Thursday, December 11, 2008

Putting a Poetry Manuscript Together

January O'Neil has a great essay here about putting a manuscript of poems together. It made me think about my own process of putting together a book length work.

What helped me most was putting together chapbooks. Somehow, in a shorter form, it's easier to keep track of the overarching theme and how the poems work together.

It's much like the graduate school process. One gets used to putting together a 10 page paper in undergraduate school, so when I got to grad school and had to write a 20 page paper, I told myself, "It's just a longer 10 page paper." When I had to write my MA thesis, I said, "If you can write a 20 page paper, you can write a 50 page paper." And when I wrote my dissertation (a requirement which had terrified me when I started graduate school), I told myself to think of it as just a series of 20 page essays, which is how I shaped it as I wrote the first draft.

In fact, I've seen several books of poems that don't actually fit as nicely together as one unified work. But each section works on its own--the book is essentially a series of small chapbooks.
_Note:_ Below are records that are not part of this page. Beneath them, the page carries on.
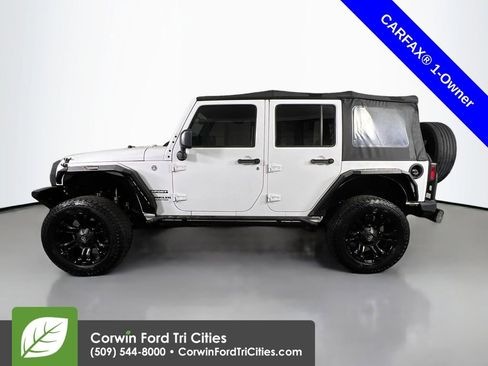 Used 2016 Jeep Wrangler Unlimited Sport w/ Max Tow Package image 6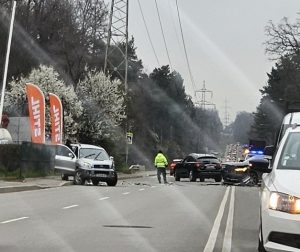 Пътна блокада в София: Верижна катастрофа и инциденти на ключови булеварди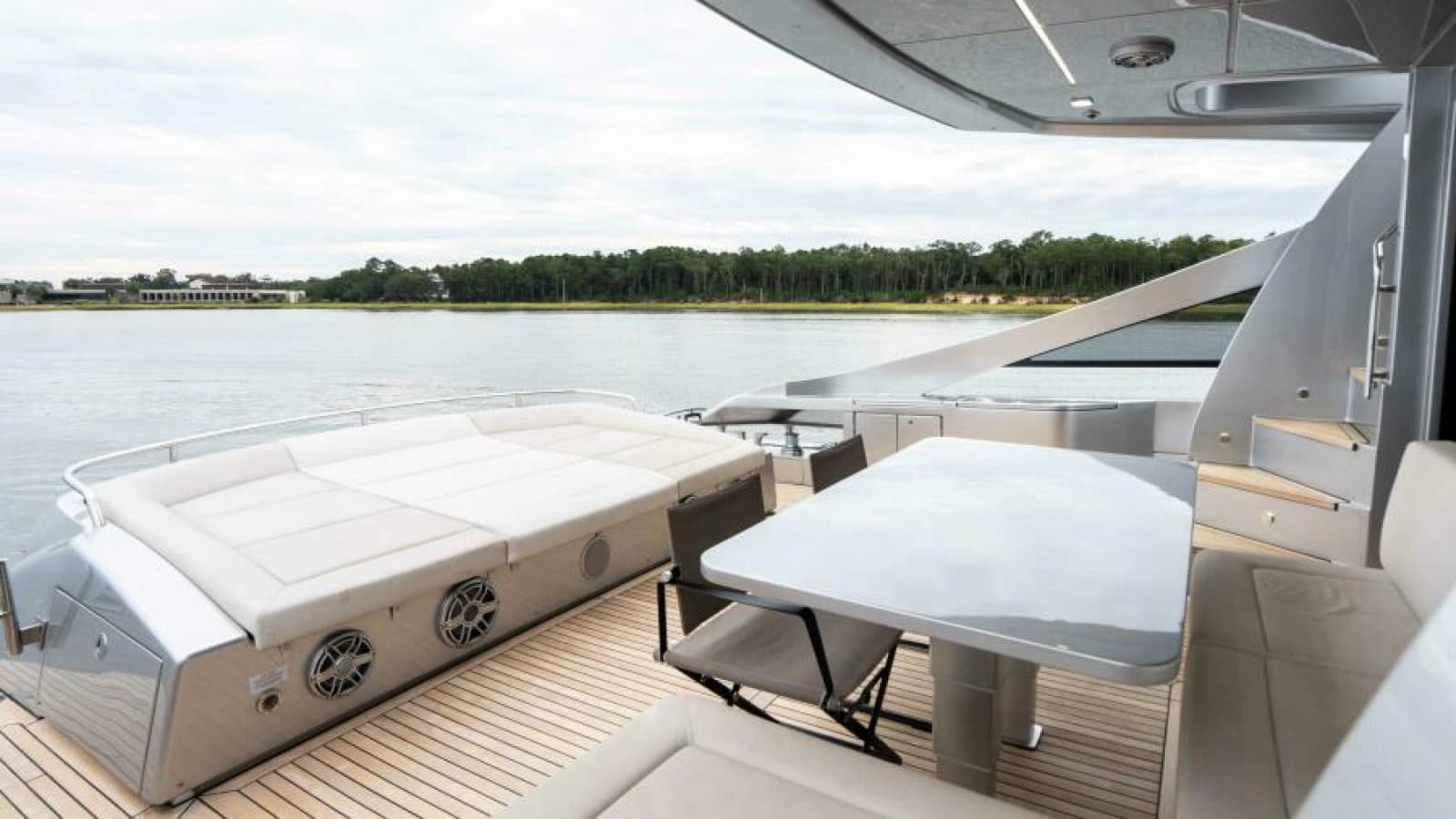 2022 Pershing 9X - Photo 23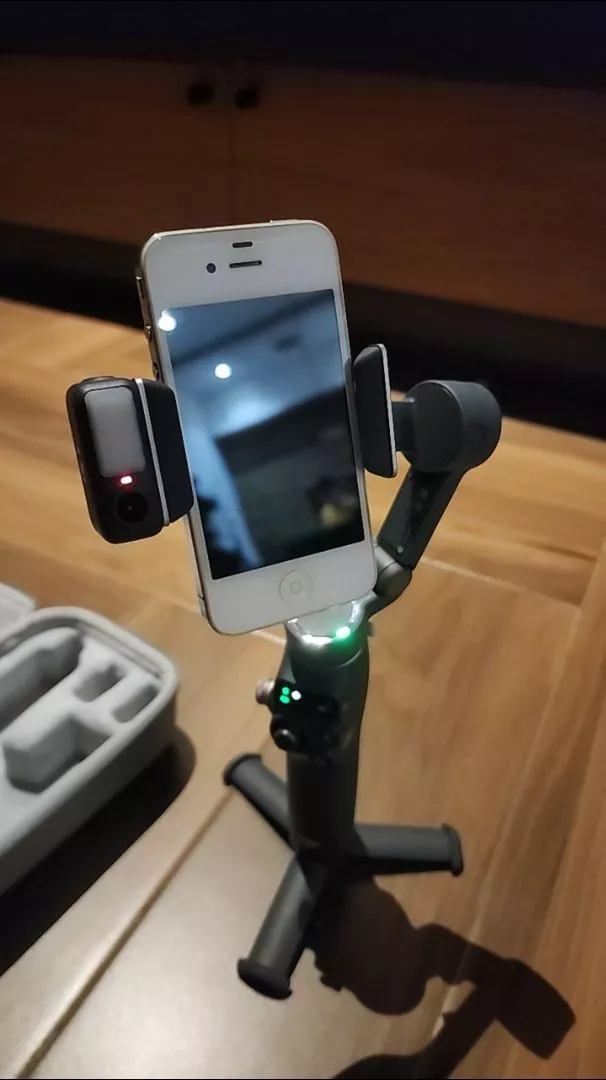 Gimbal chống rung điện thoại DJI Osmo Mobile 8 theo dõi chủ thể bằng camera gốc (DJI OM 8)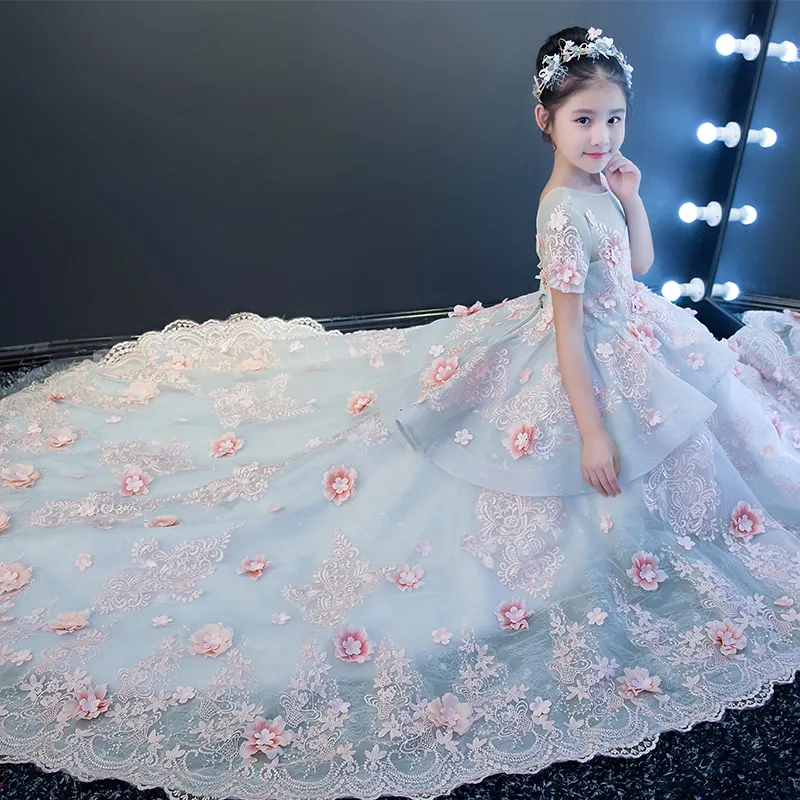 Vestidos para 2025 princesitas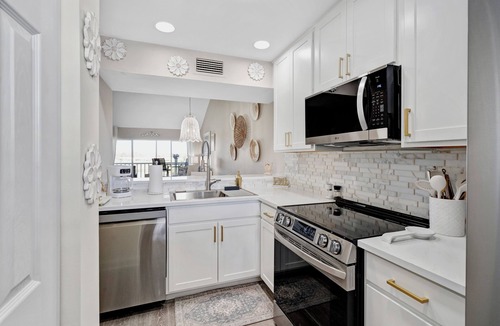 Plantation Condo | newly renovated, gorgeous 2-bedroom condo with AC, WiFi in tranquil Venice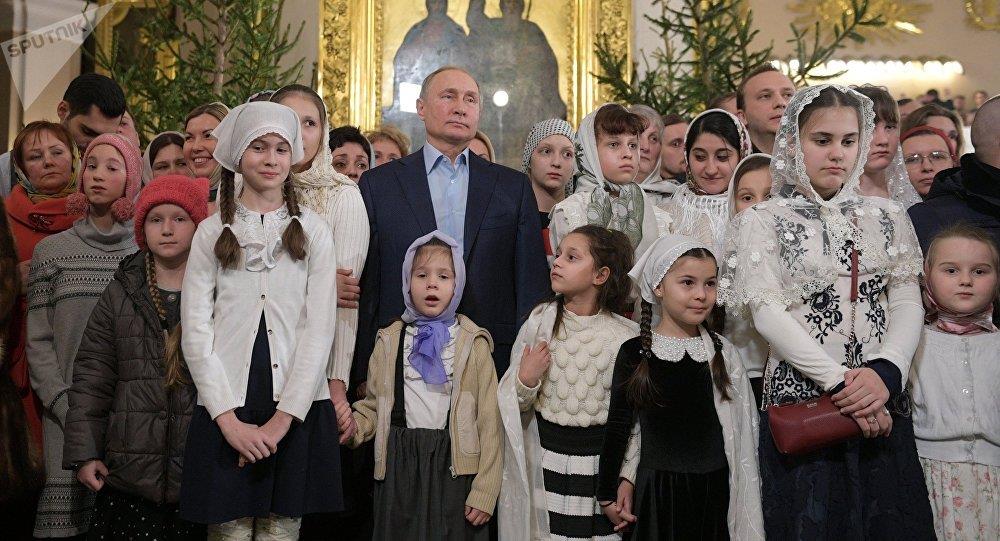 بوتين يحضر قداس عيد الميلاد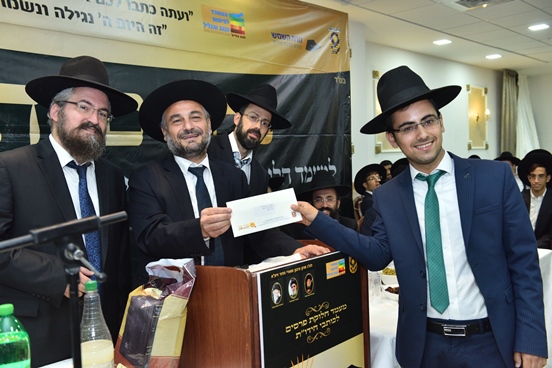 ראש העיר וחברי העירייה סילברסטין וחדד מעניקים את הפרס לזוכה במקום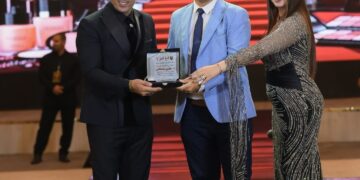 شكر وتقدير للدكتور علي مصطفى من مهرجان الصخرة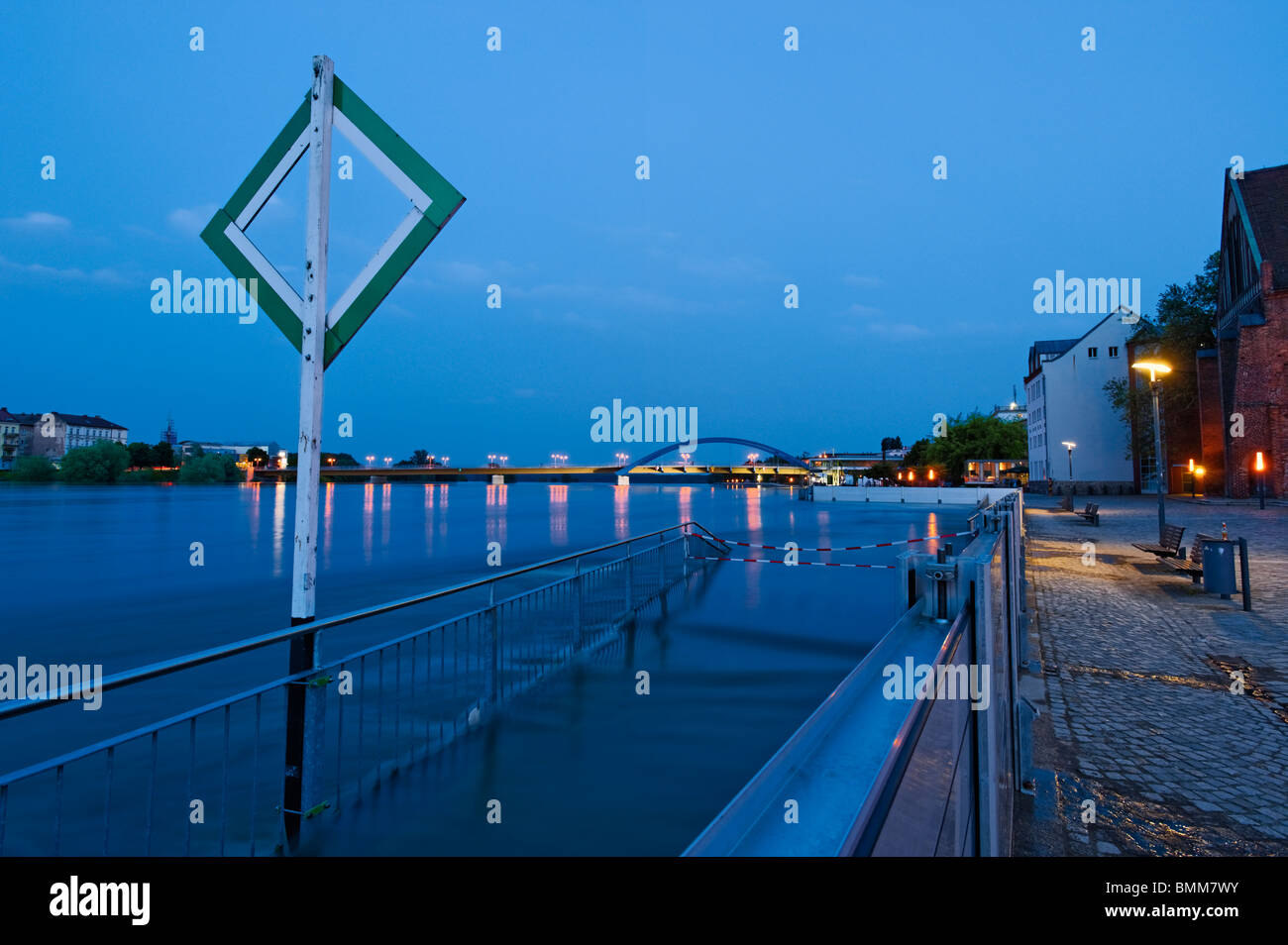 Promenade inondée à l'Oder, Francfort-sur-Oder, Brandenburg, Allemagne Banque D'Images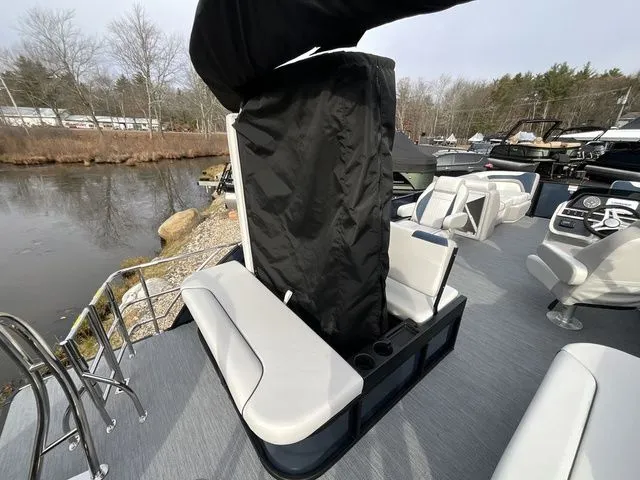 Slide: The Image of Godfrey Sweetwater 2286 SFLC Sport Tube 27 In. Package 2026 - 29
For all the thinking that we poets do about putting together a book-length manuscript, there's very little out there that I've discovered that analyzes the process. The only book I've ever seen about it is Ordering the Storm: How to Put Together a Book of Poems edited by Susan Grimm (published by Cleveland State University Poetry Center in 2006). I first read about the book on Kelli Russell Agodon's blog here.

I pulled the book off the shelf, but earlier this year, when I read it, I underlined passages that aren't really about putting a book together. For example, Jeff Gundy talks about his teaching job at a small liberal arts school and says, "I don't mean to complain--this is absorbing, engaging, rewarding work, it pays a living wage, my office is air conditioned, and my students and colleagues are mostly smart and friendly. It is just a lot to stay ahead of, it it's to be done right. Add in the effort to keep some kind of literary life going . . ." (page 14).

The main thing I learned from the book is that there are many, many ways to put together a book of poems. And I already knew that. But I often read books that don't tell me much that I didn't already know--it's nice to be reminded of what I know and nice to find solidarity in the voices in the book.